Pode ser que as crônicas do cinemão tenham deixado aos leitores a impressão de que vosso escriba é uma puta sem precedentes. Não nego nada que já tenha feito e menos ainda me arrependo de tê-lo empreendido pois seria hipocrisia minha negar tais fatos como se o passado pudesse ser simplesmente apagado além do fato de que sim, obtive prazer imenso fazendo o que fiz.
Mesmo porque eram tempos loucos e eu, muito jovem e é do jovem não ter medidas nem pensar em conseqüências ou responsabilidades. Mas, cabe dizer que há muito tempo já não sou mais assim, obviamente. O tempo se encarregou de me dobrar e me fazer pensar que qualidade é melhor que quantidade mas não em termos absolutos já aviso a todos. Mas o principal é que wans me deu a paz necessária. Ele é meu cinemão. Prezo cada um de vocês pelas escolhas que fizeram e que farão mesmo que possa vir a não concordar com elas. Esse é o segredo da coisa: discordar sem julgar. Isso posto, vamos ao último relato das crônicas do cinemão.
Fechando a tríade prometida temos este relato. Aos acostumados à carga erótica demasiada dos outros relatos já aviso que este não conterá tanta putaria posto que fale mais ao coração do que ao pinto ainda que os dois, muitas vezes, estejam um no lugar do outro mas nunca o outro no lugar do um, enfim, filosofia barata, pense o que quiser afinal coração e pinto cada um tem o seu.

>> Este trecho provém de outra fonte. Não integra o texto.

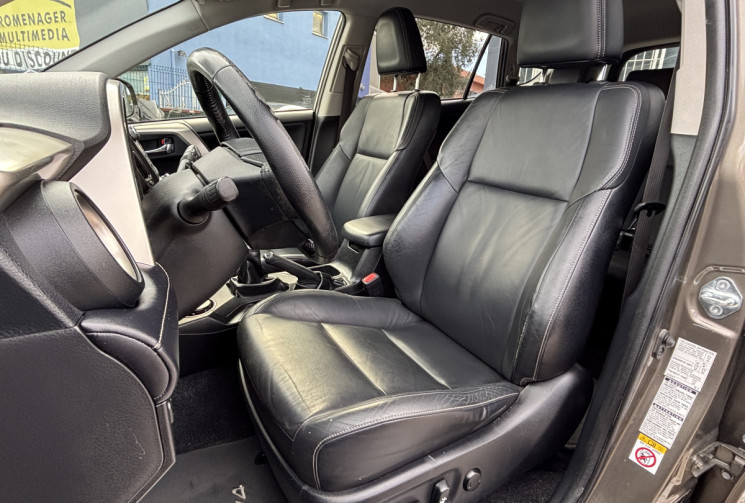 Toyota RAV4 IV 2.2 150 Ch D 4WD 4X4 Lounge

Como já sabem, já possuía com o cinemão uma relação simbiótica. Como largar esse templo do prazer que me proporcionava rolas a granel? Deixo claro, no entanto, que minha assiduidade não era militar tendendo mais para a do funcionalismo público dos anos de chumbo. Enfim, certo dia, uma Sexta acho, marco bem os dias que me são importantes ou grande maioria deles, fui ao cinemão, Art Palácio pois em minha opinião era o melhor provido de rolas. Cheguei lá e fiz alguns atendimentos básicos, o movimento estava fraco sabe-se lá por que.
Já estava me preparando para ir embora quando resolvi dar uma última volta para ver se, de repente, não rolava um boquete de última hora. Então, encostei-me a um dos cantos do fundo e fiquei ali uns minutos prometendo a mim mesmo que iria embora se nos próximos cinco minutos nada rolasse. Destino traquina que prega peças a todo o momento, a ilusão do controle é tão absoluta que nos deixa cegos mas, suas peripécias nos colocam no devido lugar onde planos e planejamentos são desfeitos tão rapidamente quanto foram elaborados.

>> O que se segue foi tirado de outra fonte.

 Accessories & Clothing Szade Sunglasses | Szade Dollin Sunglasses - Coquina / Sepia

Eis que encosta ao meu lado um carinha. Distante o suficiente para nos vermos, não para nos tocarmos. Ele não era bonito mas algo emanava dele, um ‘it’, e acho que de mim ele sentia o mesmo pois os olhares eram retribuídos. Aos poucos, a distância foi diminuindo, timidamente, até que estávamos realmente lado a lado mas, seguindo o ritual local, mesmo a essa distância, ainda os olhares buscavam cumplicidade, autorização e as mãos eram por demais recatadas para atrever um toque.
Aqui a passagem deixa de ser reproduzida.